▸ **AIM OF THE EXERCISE**: Set down every line from the one containing "Marathon International InDeauville" through the last line of the records below, exactly as written, and leave out the pictures.

Web page caption snippets
————
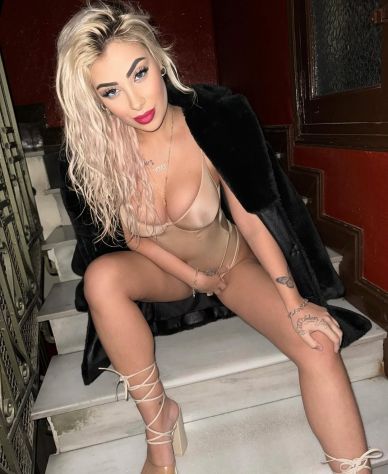 🇧🇷INCONTRI E VIDEOCHIAMATE CON LA BRASILIANA DEI TUOI SOGNI🇧🇷 - Foto 3 Tel:3509405844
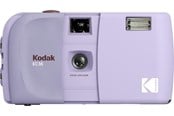 Kamera - KODAK EC35 Film Camera (Lavender) + Ultra Max 24 Exp Film - RK0711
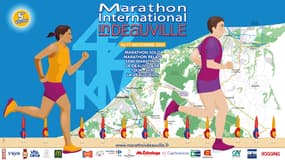Marathon International InDeauville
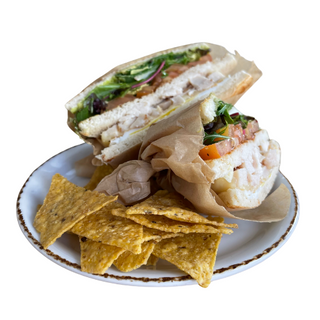 Club sandwich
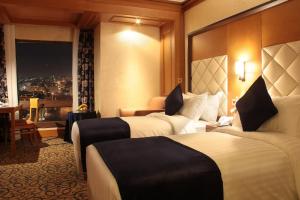 Gallery image of Thousand Nights Hotel in Amman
————
▸ **TASK RESPONSE**:
Marathon International InDeauville
 Club sandwich
 Gallery image of Thousand Nights Hotel in Amman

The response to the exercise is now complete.